Records of the Abbey of St Bertin in Flandres, a few miles from Ushant, make note of King Athelstan’s expressions of gratitude for their burial of Edwin, who had drowned in a storm escaping from England during a period of turmoil (AD933).
In the contemporary Cartulaire de l’abbaye de S. Bertin it records the favour Athelstan heaped on the monastery "because the king’s brother, King [sic] Edwin, had been buried in the monastery of St. Bertin."
The cartulary version dates the incident to 932 and describes how, "the same King [sic] Edwin, when, because of some perturbation in his kingdom, got into a ship and tried to reach this part by sea, but the ship foundered in the storms and he was lost in the waves.
When his body was brought to the shore Count Adalolf received it with honour because he was a close kinsman and brought it to St. Bertin for burial."
The William of Malmesbury version in his Gesta regum suggests ingenuity and perseverance in an armour-bearer who found and fished out his master’s body and "swam a ship to land".

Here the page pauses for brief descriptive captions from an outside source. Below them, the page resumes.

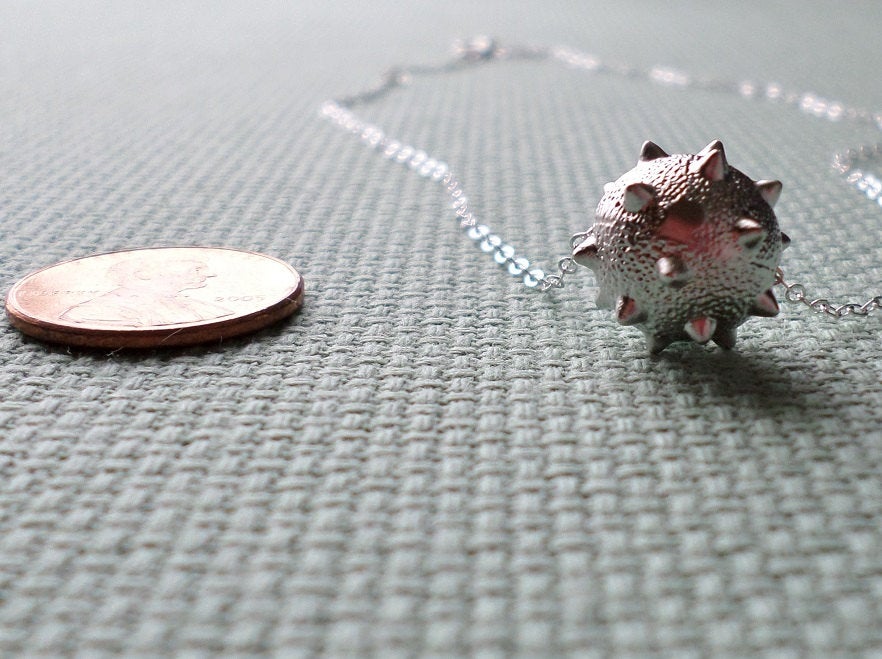 Silver Studded Ball Necklace - Silver Ball Necklace - Sterling Silver Necklace - Christmas Gift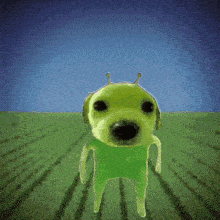 a picture of a green alien dog standing on a bridge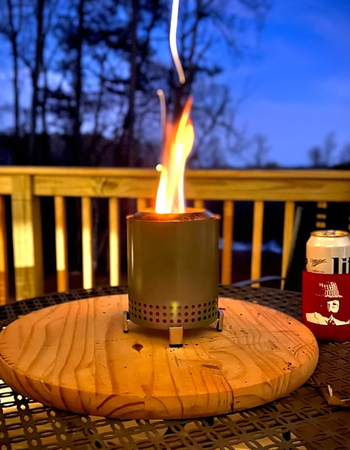 another reviewer photo showing closeup view of the burning fire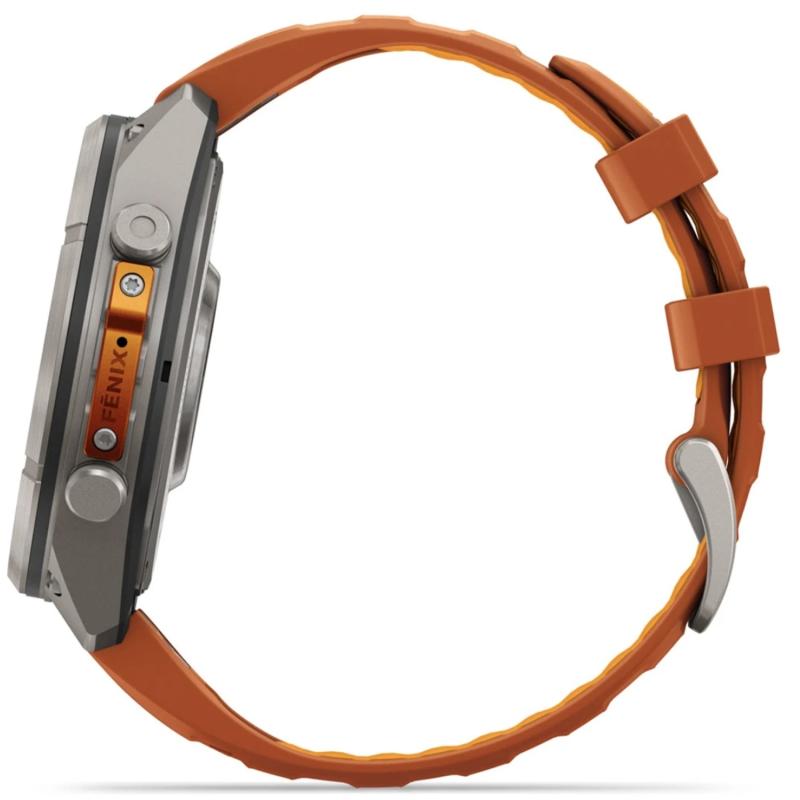 Смарт-часы Garmin Fenix 9 Pro 47mm Amoled (010-04336-01) Titanium with Autumn Orange/Spark Orange Silicone Band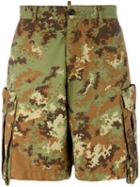 Dsquared2 Camouflage Shorts, Men's, Size: 50, Green, Polyamide/cotton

We can now say that this incident is confirmed by the entry in the Anglo-Saxon chronicles for the year 933: "This year died Bishop Frithestan; and Edwin the atheling was drowned in the sea".
Let us hear no more falsehood on this issue Brethren: Prince Edwin of York, the first Grand Master of The Grand Lodge of All England at York lived his life, died tragically at sea in AD933, and his mortal remains are buried in the Benedictine Monastery of l’Abbeye Saint Bertin in Flandres.
A delegation from The Grand Lodge at York will make a pilgrimage to l’Abbeye Saint Bertin as soon as it can be arranged.